O filme traz uma grande relação de um mundo real e uma realidade alternativa, invocada por aqueles que trabalham o dobro. Os motoqueiros abrem um portal para congelar o tempo e desfrutar uma pequena fração do presente. O grupo vive um momento hedonista.
Através dos diálogos e trilhas sonora, percebe-se uma realidade crua e sensível, que ganha um grande ar poético com os elementos oníricos abordados, desde objetos, como uma “luva mágica” usada por um dos motoqueiros, quanto um portal aberto pelo grupo, com a ideia de parar o tempo. O ideal de ocupar e realizar um “ritual” para o tempo congelar e poder desfrutar de um lazer de interesse mútuo, traz um grande senso de comunidade e abre novos caminhos para um sonho coletivo, a visibilidade em meio a grandes montanhas.
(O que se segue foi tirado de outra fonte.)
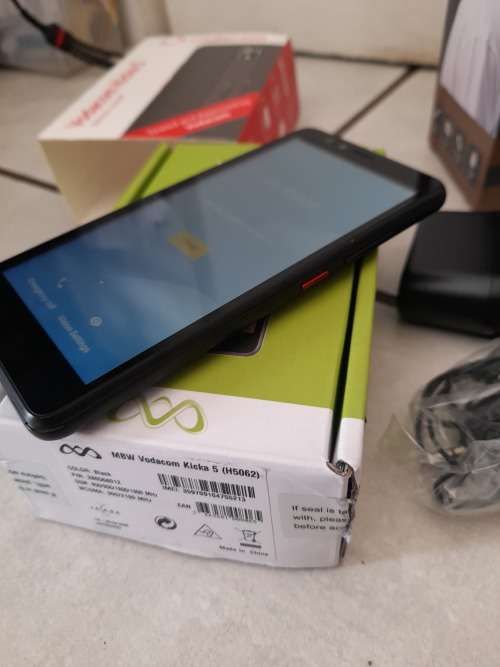 ***MONTH END COMBO DEAL**BRAND NEW VODACOM SMART KICKA5 WITH FREE GOLD BOUNCE BT HEADSET**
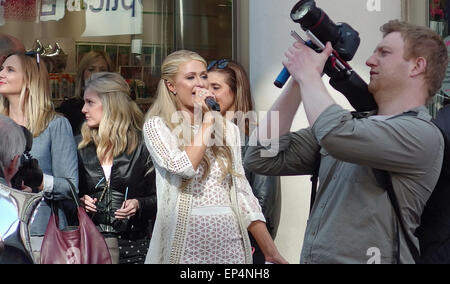 Liverpool, Vereinigtes Königreich. 13. Mai 2015. Paris Hilton war der Superdrug Store im Einkaufszentrum Liverpool One, ihr neue limitierte Jubiläums-Edition Duft am 13. Mai 2015 zu fördern. Sie sah strahlend in eine schneeweiße Outfit und Heels. Gab es lange Schlangen von Fans warten, sie zu sehen. Bildnachweis: Pak Hung Chan/Alamy Live-Nachrichten Stockfoto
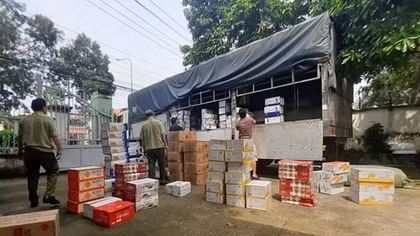 Tạm giữ hơn 45 nghìn hộp bánh nghi nhập lậu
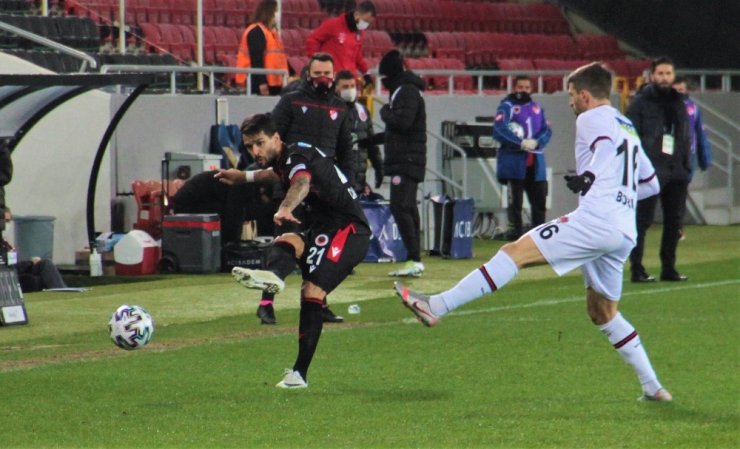 Süper Lig: Gençlerbirliği: 1 - Fatih Karagümrük: 3 (Maç sonucu)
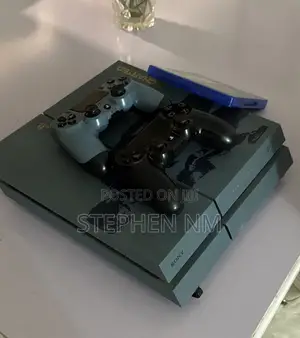 Sony PlayStation 4 (PS4) na Vidhibiti 2 & Mchezo 1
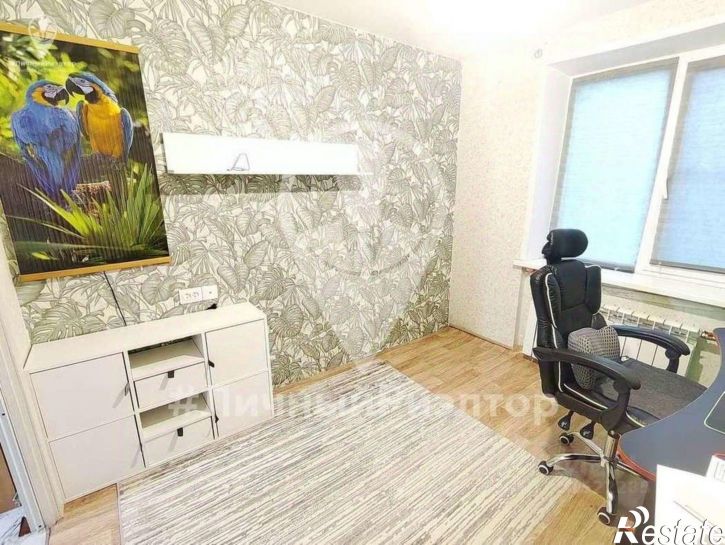 4-комн квартира улица Крупской, 3 к2,  д. 3 к2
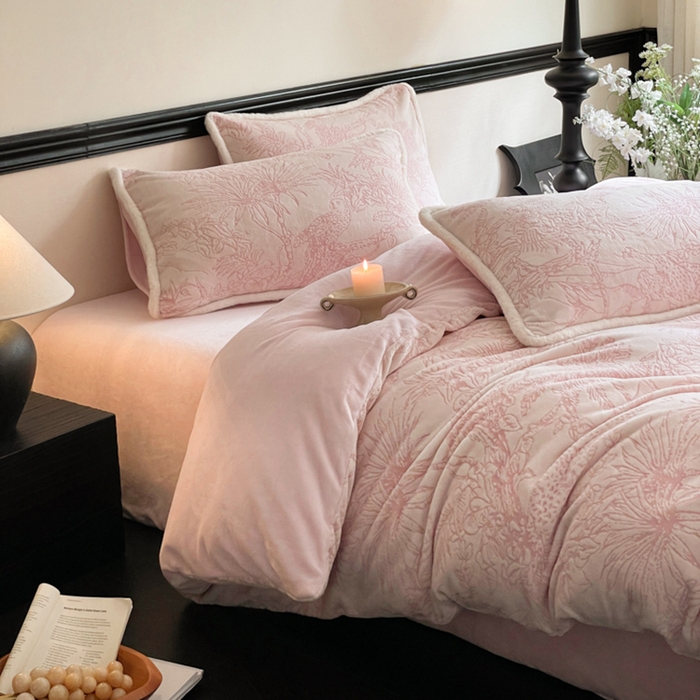 91家纺网 家纺一手货源 找家纺 宜代光年 2025新款小米貂牛奶绒雕花四件套 丛林-粉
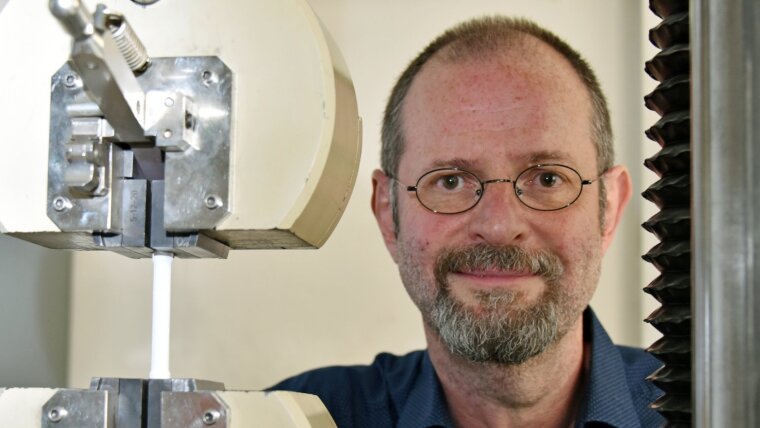Prof. Dr. Frank A. Müller ist Professor für Oberflächen- und Grenzflächentechnologie der Universität Jena.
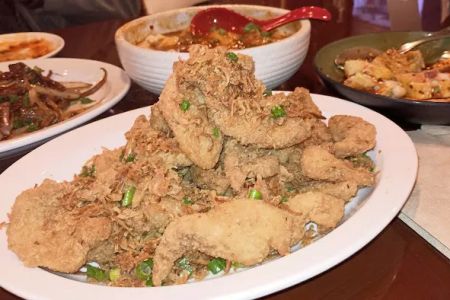 Revolution Chinese 羅村川菜館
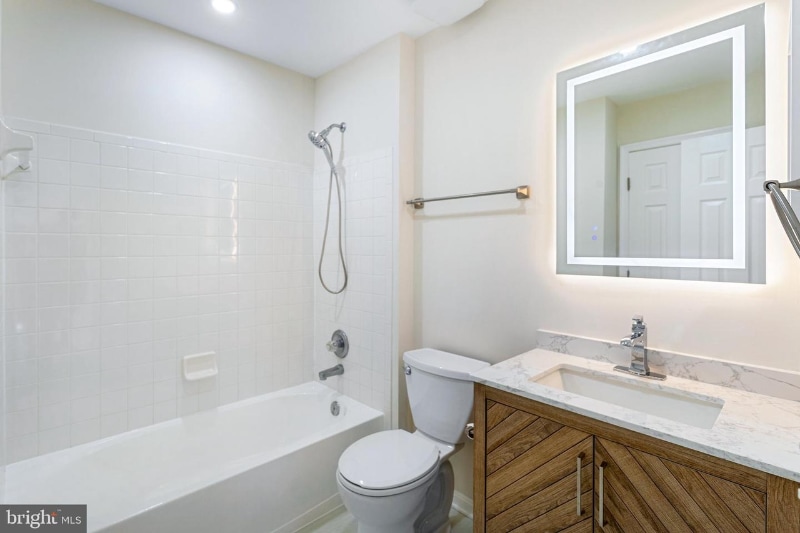 Building Photo - 13853 Crosstie Dr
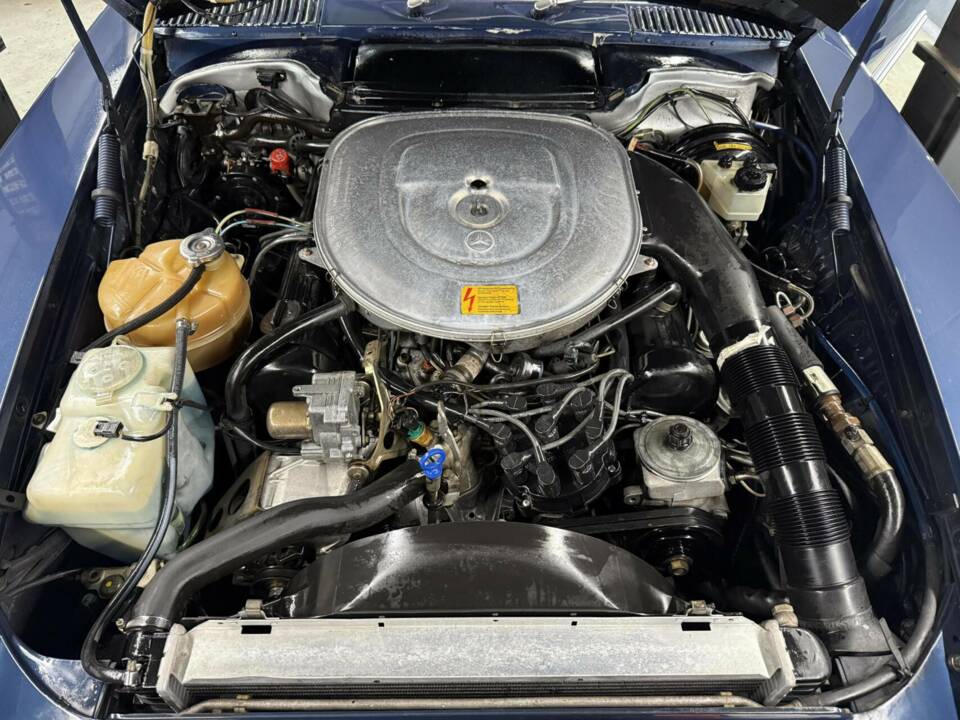 Image 27/46 de Mercedes-Benz 560 SL (1986)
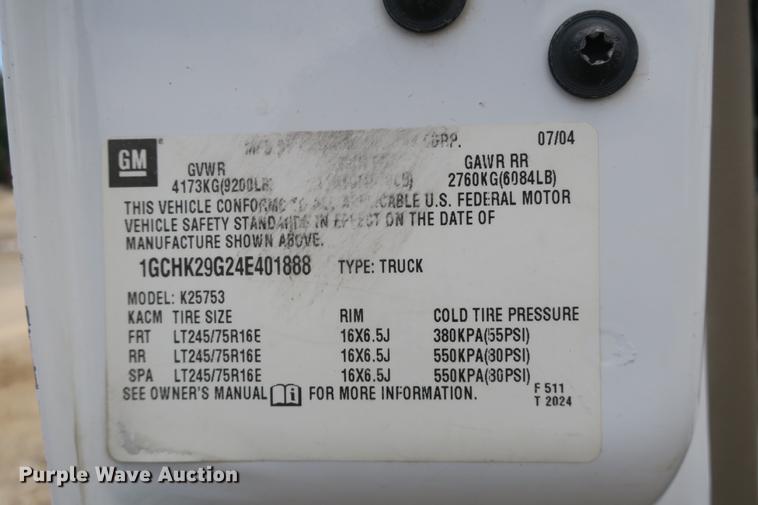 image for item DE3752 2004 Chevrolet Silverado 2500HD LS Ext. Cab pickup truck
As motocicletas deixam de ser apenas um meio de transporte e são tidas como verdadeiras parceiras de cada um dos motociclistas, às tendo como um objeto sacro e vivo, além de algo provedor de lazer, oportunidades e pertencimento.
Em um mundo onde dois trabalhos ocupam todo o repouso, realizar uma manobra e chegar o mais alto possível com o pneu, é o que importa em uma realidade de presente infinito.